Material provided below:

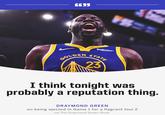 On May 2nd, 2022, the official ESPN Facebook page posted a graphic showing a photo of Draymond Green yelling next to a quote where he says, "I think tonight was probably a reputation thing." According to Sporting News, Green made the statement after he was ejected in Game 1 of the Western Conference after a Flagrant 2 foul against the Memphis Grizzlies.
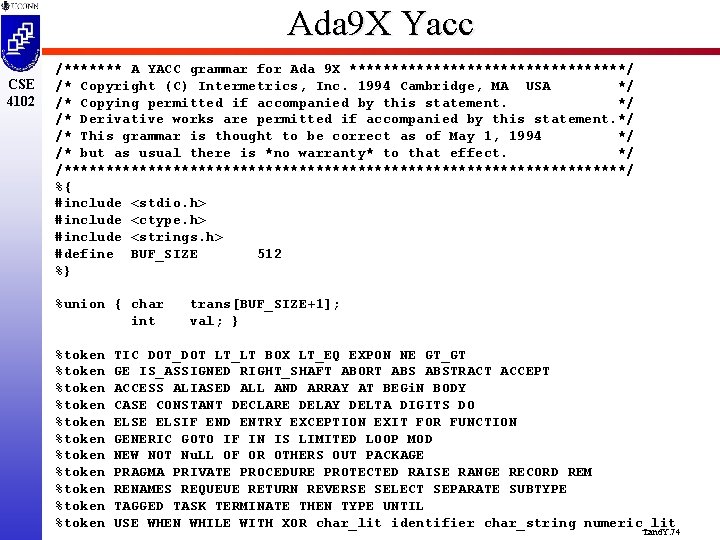 Ada 9 X Yacc CSE 4102 /******* A YACC grammar for Ada 9 X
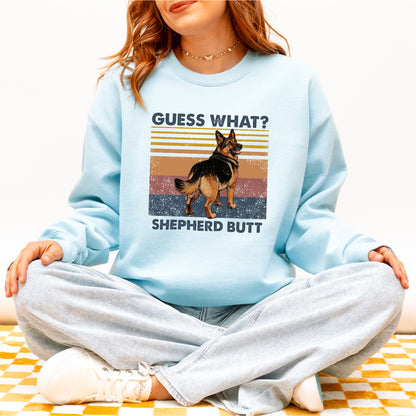 Guess What Shepherd Butt Sweatshirt – Funny Dog Lover Gift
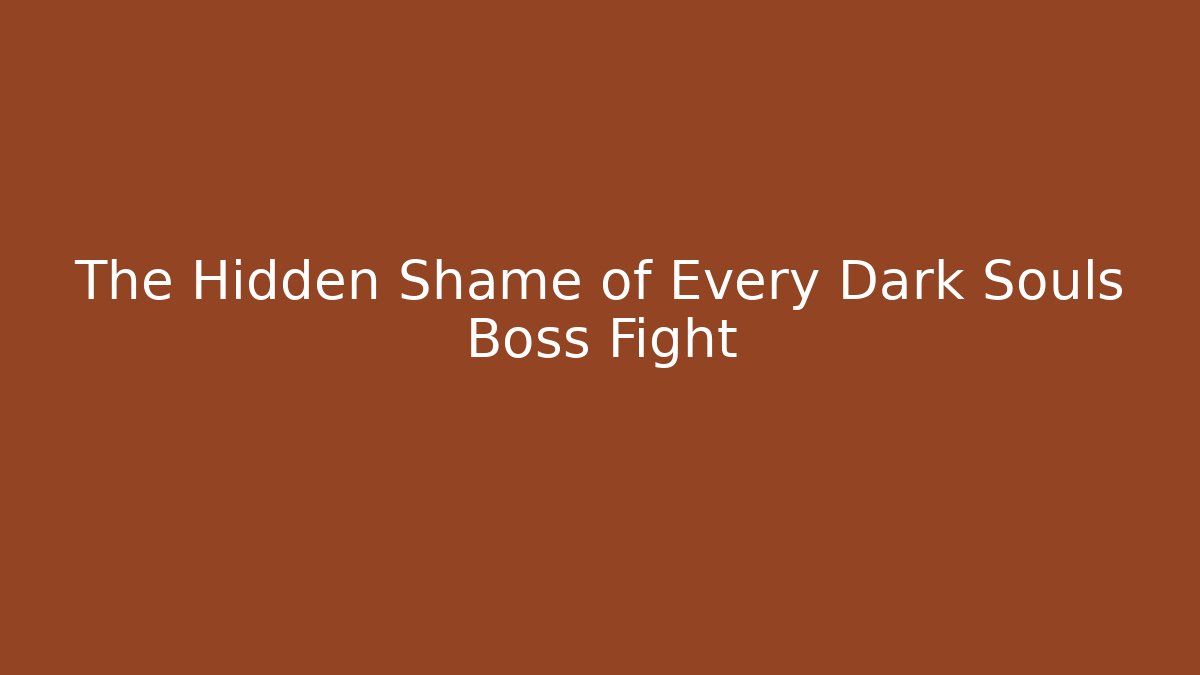 The Hidden Shame of Every Dark Souls Boss Fight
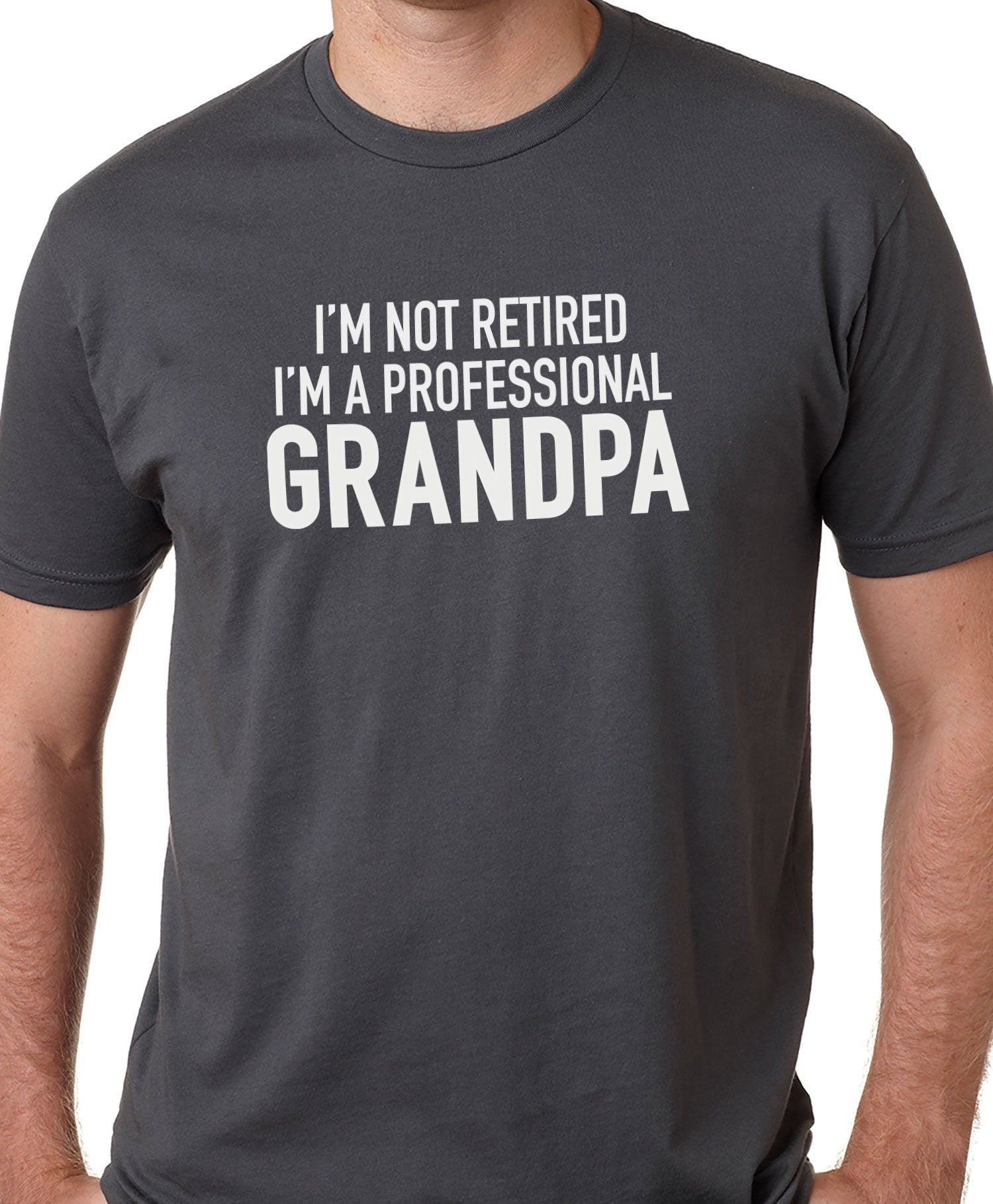 Grandpa Gift - I'm Not Retired I'm A Professional Grandpa Shirt - Fathers  Day Gift - Awesome Grandpa T-shirt - Retired Grandpa Gift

End of Material provided.

* Problem statement *
Repeat exactly the lines from the one holding "Guess What Shepherd" through the last line of the entries, both included; the pictures do not belong in the copy.

* Answer space *
 Guess What Shepherd Butt Sweatshirt – Funny Dog Lover Gift
 The Hidden Shame of Every Dark Souls Boss Fight
 Grandpa Gift - I'm Not Retired I'm A Professional Grandpa Shirt - Fathers  Day Gift - Awesome Grandpa T-shirt - Retired Grandpa Gift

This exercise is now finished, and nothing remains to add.